Donald Trump has called its work “phony.” His Acting Chief of Staff Mick Mulvaney warned that President Obama was “manipulating” its numbers. Economic adviser Larry Kudlow termed one of its reports “very fluky.”
Is it a House oversight committee? A Democratic think tank? No, it’s the gold standard of research and impartiality on US inflation, employment, and productivity: The US Bureau of Labor Statistics.
Now 70 percent of the bureau’s staff of 1,800 is likely to leave by 2022, according to a survey by the union that represents most of its workers. The reason: The administration plans to move the bureau’s current headquarters from Washington, near the Union Station transit hub, to an office complex in Suitland, Md.
Current and former government employees said they’re concerned the administration is seeking to drive out civil servants whose work could undermine the president’s agenda. These researchers are in a position to document, for example, a slowdown in manufacturing employment in part because of Trump’s tariffs.

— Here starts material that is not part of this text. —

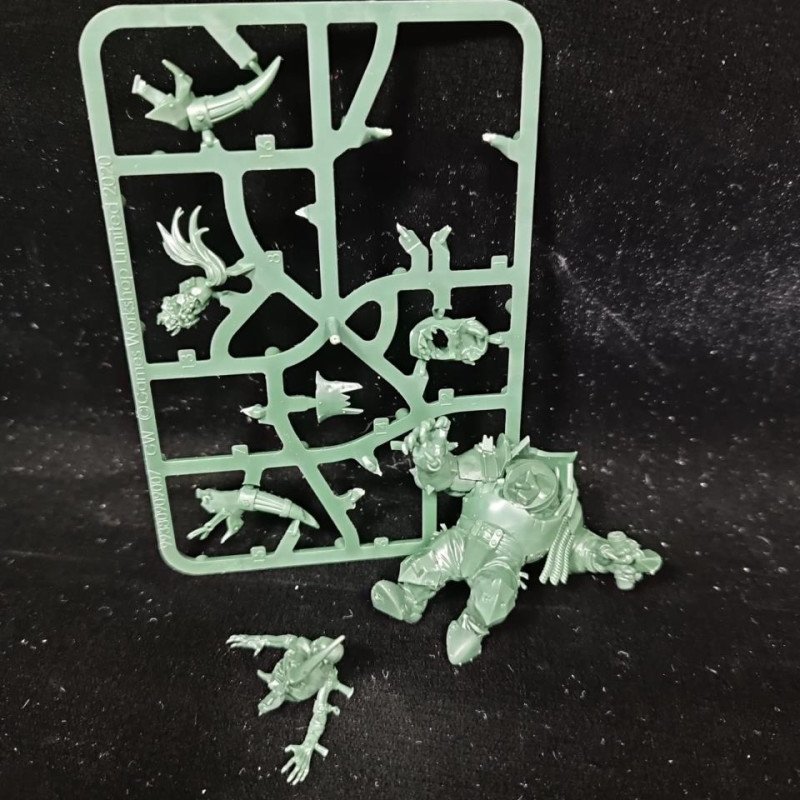 2ªmano BB031 - Varag Ghoul-Chewer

Ninety percent of the bureau’s employees oppose the move because traffic and lack of transit options would add on average an hour to their daily commutes — in some cases, as much as two hours — even though the new office is only seven miles away and near a subway station. They also worry it will isolate them from Capitol Hill policy makers and that the new digs are too small to fit the staff.
The White House has said it is promoting efficiency by consolidating three agencies. The Bureau of Labor Statistics, or BLS, now part of the Labor Department, will join the Census Bureau and the Bureau of Economic Analysis in a single, lower-cost location. The Obama administration had also indicated an interest in consolidating these agencies, though it never happened.
Trump’s “phony” comment and the critical words of Mulvaney and Kudlow all referred to BLS jobs reports. During the Obama administration, Trump said they overstated the health of hiring.
“So far, the BLS has avoided politicization from the Trump Administration,” said Michael Havlin, an economist at the agency and union member. “But the economic data has been pretty positive the last three or four years — that might not be the case in a year or so.”
The Labor Department said the government had awarded a contract to conduct a six-month study on the move. The agency declined to answer further questions.
The BLS move joins a series of initiatives that would uproot federal bureaucracies from Washington. The Agriculture Department, for example, is moving the Economic Research Service, which produces widely watched reports on farming, to the Kansas City area.
In that case, only about 70 of roughly 250 workers are expected to stay with the service. That exodus raised similar questions about whether officials were seeking to gut an agency that had produced reports angering the administration — something the government denied.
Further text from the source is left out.